Published on: Wednesday, 28 November 2018
Last updated: Wednesday, 28 November 2018

Greater Anglia rail stations will be transported back in time on Monday 3 December to the arrival of the first Kindertransport trains into the region.

Eighty years after the ‘Kindertransport’ rescue effort helped over 10,000 children to escape Nazi persecution in Germany, Austria, Czechoslovakia and Poland, local schoolchildren and theatre groups will recreate scenes of child refugees arriving into East Anglia by train at rail stations between Harwich and London Liverpool Street.

Working with the Harwich Surrender & Sanctuary Project, Eastern Angles Theatre Company, Splatt Theatre and Greater Anglia, children from local schools will perform short flash-mob style scenes at Harwich, Ipswich, Manningtree, Colchester and London Liverpool Street stations between 10.30am and 4pm.

At London Liverpool Street, between 11am and 2pm, schoolchildren and actors from the Splatt Theatre company will be re-creating a series of ‘freeze-frame’ scenes inspired by photographs taken at the time, infusing 'real life' drama with live music, to bring the scenes to life.

As they move between each scene they will hand out luggage labels and post cards to passers-by which contain real life stories of children who came to England via Kindertransport.

The events have been organised by the Harwich Haven Surrender & Sanctuary Project, a public history project which focuses on two internationally important events that happened in Harwich - the surrender of over 100 German U Boats in 1918, and the arrival of the first Kindertransport in 1938.

Kindertransport (German for "children's transport") was an organised rescue effort that took place during the nine months prior to the outbreak of the Second World War.

At first nearly 200 children arrived into Harwich on the 2 December 1938, and in the following 9 months almost 10,000 followed. They were then transported by train to foster homes, hostels, schools and farms. Often, they were the only members of their families who survived the Holocaust.
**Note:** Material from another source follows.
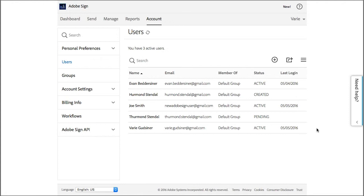Back in the administrator's account, Joe is now here in the user list with the status of Active, and he's ready to send documents.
Community engagement officer for the project, Tabitha Runacres, said, “The recreations will serve as a poignant reminder of this amazing rescue effort, the part Harwich and East Anglia played in offering these children a new life, and how it relates to the modern refugee crisis the world is facing today.”

Greater Anglia’s Community Partnerships Manager, Paul Haynes, said, “We were pleased to help facilitate these re-enactments which commemorate the Kindertransport rescue effort that undoubtedly saved so many lives.”